Each line from the one with "스토리 경영학(경영철학자 서진영 박사의)" through the end of the records below should be transcribed exactly, and each picture should be skipped.

---------- Records for processing

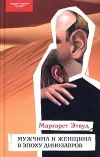 «Мужчина и женщина в эпоху динозавров» - Маргарет Этвуд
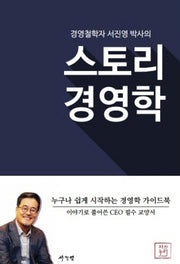 스토리 경영학(경영철학자 서진영 박사의)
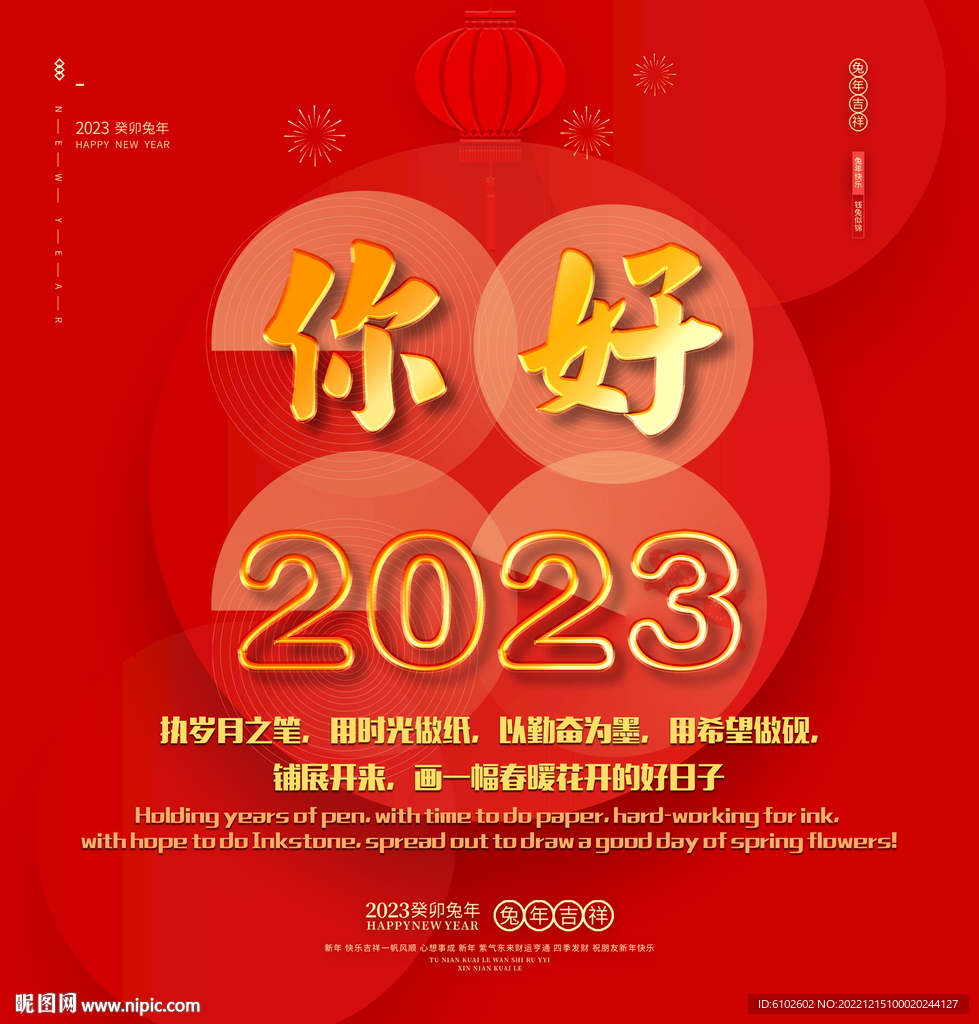 2023新年背景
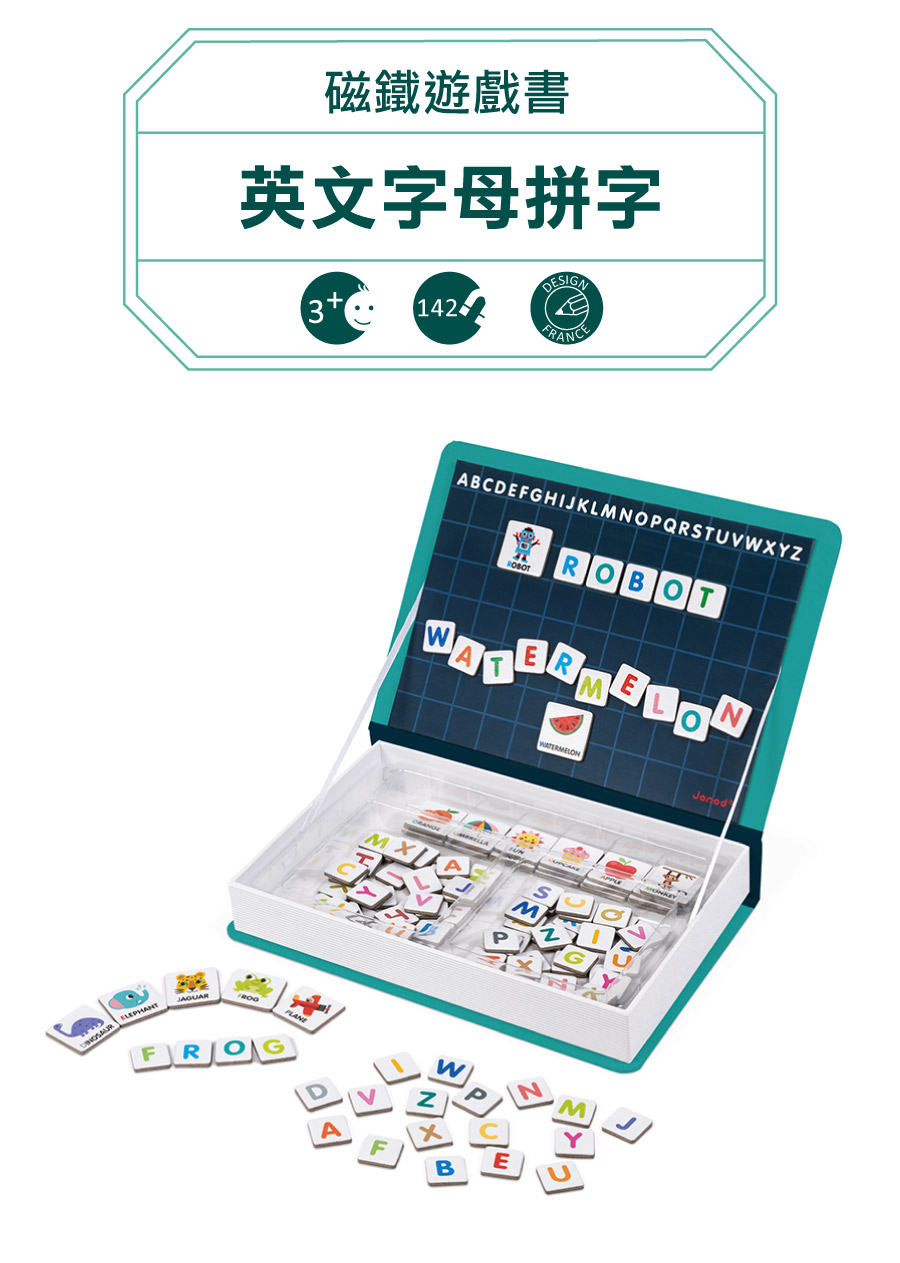 法國Janod - 【熱賣】磁鐵遊戲書-英文字母拼字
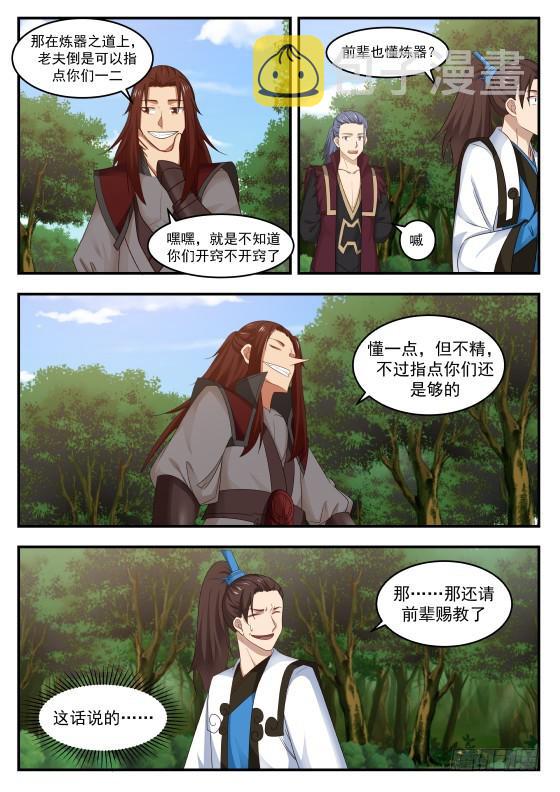 427 重聚3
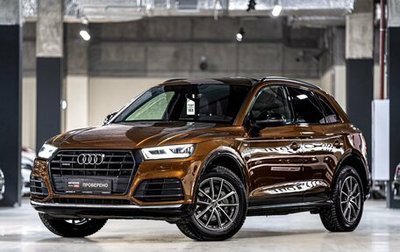 Audi Q5, 2019 год, 3 549 000 рублей, 1 фотография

--------------------

| Task response |
 스토리 경영학(경영철학자 서진영 박사의)
 2023新年背景
 法國Janod - 【熱賣】磁鐵遊戲書-英文字母拼字
 427 重聚3
 Audi Q5, 2019 год, 3 549 000 рублей, 1 фотография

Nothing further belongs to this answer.